We also propose a strategy to estimate the most closely related/not-related visual concepts using the caption description via BERT-CNN.

Resulting Dataset

We rely on COCO-Captions dataset to extract the visual context, and we propose two visual context datasets:

Visual_COCO

            visual context, caption descriptions
            umbrella dress human face, a woman with an umbrella near the sea.
            bathtub tub, this is a bathroom with a jacuzzi shower sink and toilet.
            snowplow shovel, the fire hydrant is partially buried under the snow.
            desktop computer monitor, a computer with a flower as its background sits on a desk.
            pitcher ballplayer, a baseball player preparing to throw the ball.
            groom restaurant, a black and white picture of a centerpiece to a table at a wedding.

Overlapping_COCO

            visual context, caption descriptions, overlapping information
            pole streetsign flagpole, a house that has a pole with a sign on it,{'pole'}.
            stove microwave refrigerator, an older stove sits in the kitchen next to a bottle of cleaner,{'stove'}.
            racket tennis ball ballplayer, a tennis player swinging a racket at a ball,{'tennis', 'racket', 'ball'}.
            grocery store dining table restaurant, a table is full of different kinds of food and drinks,{'table'}.

Another task that can benefit from the proposed dataset is investigating the contribution of the visual context to gender bias.
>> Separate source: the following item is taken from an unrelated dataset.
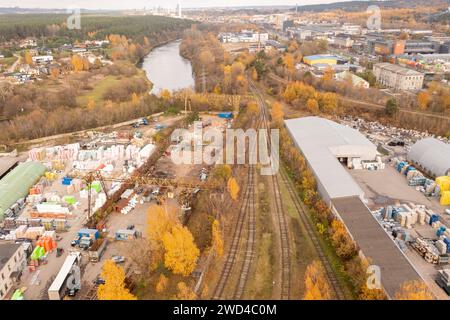 Drone photography of railway going to industrial park in a city during autumn sunny day Stock Photo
We also propose gender neutral dataset.

Gender Neutral_COCO

            visual context, caption descriptions
            pizza, a person cutting a pizza with a fork and knife.
            suit, a person in a suit and tie sitting with his hands between his legs.
            paddle, a person riding a colorful surfboard in the water.
            ballplayer, a young person in a batting stance in a baseball game.
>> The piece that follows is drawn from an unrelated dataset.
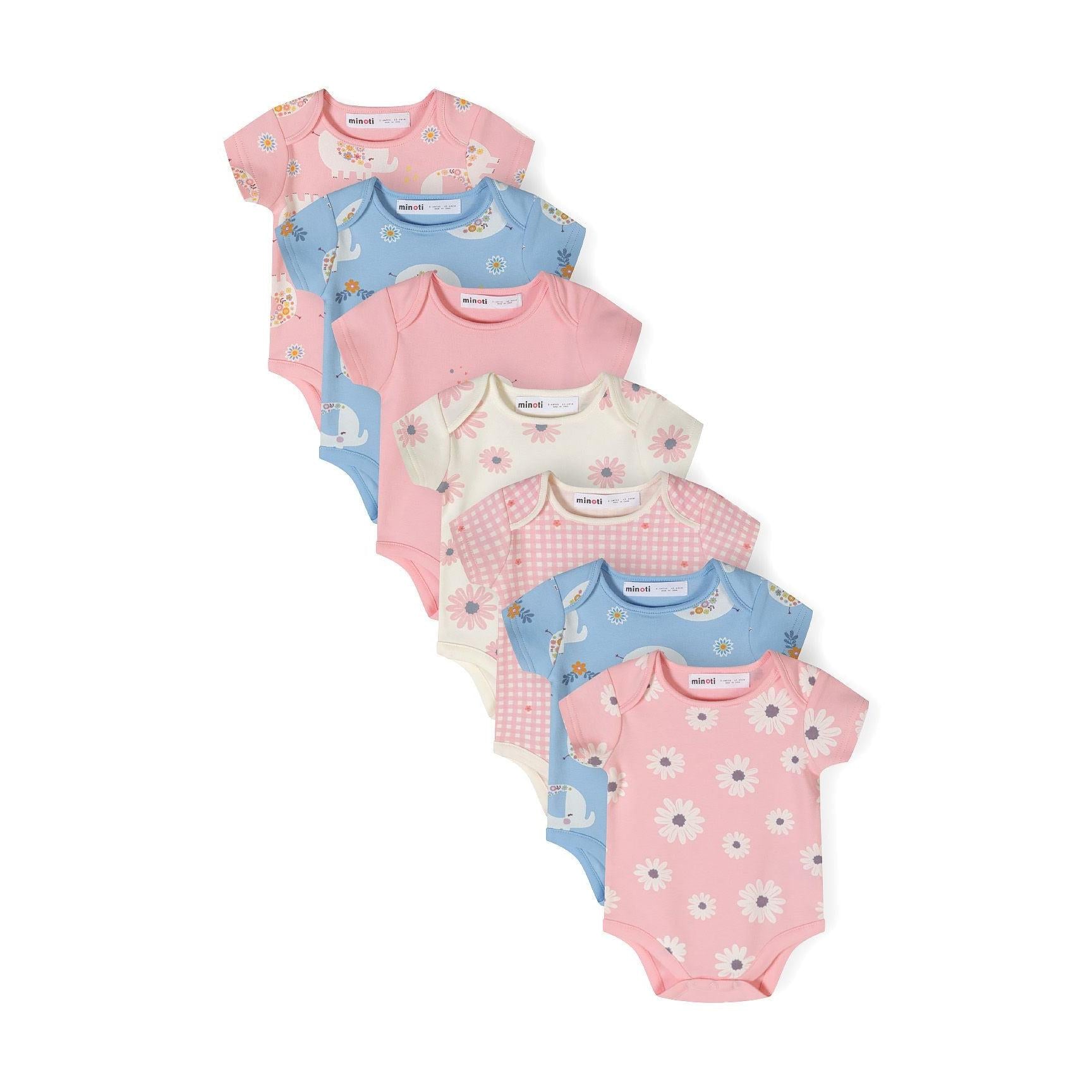Stack of seven short sleeve bodysuits in light pink shades featuring various prints including elephants, daisies, gingham and floral patterns arranged in a fan display on white background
Frequency count of object + gender in the proposed dataset.
Visual	+ person	+ man	+ woman	m	w	to-m
Clothing	3950	3360	1490	.85	.37	.69
footwear	2810	1720	220	.61	.07	.88
racket	1360	440	150	.32	.11	.74
surfboard	820	80	10	.09	.01	.88
tennis	140	200	60	1.4	.42	.76
motorcycle	480	40	20	.08	.04	.66

The dataset, in most cases, has more gender-neutral person than gender bias toward men or women. However, the dataset is similar to COCO, a gender bias dataset to-ward men.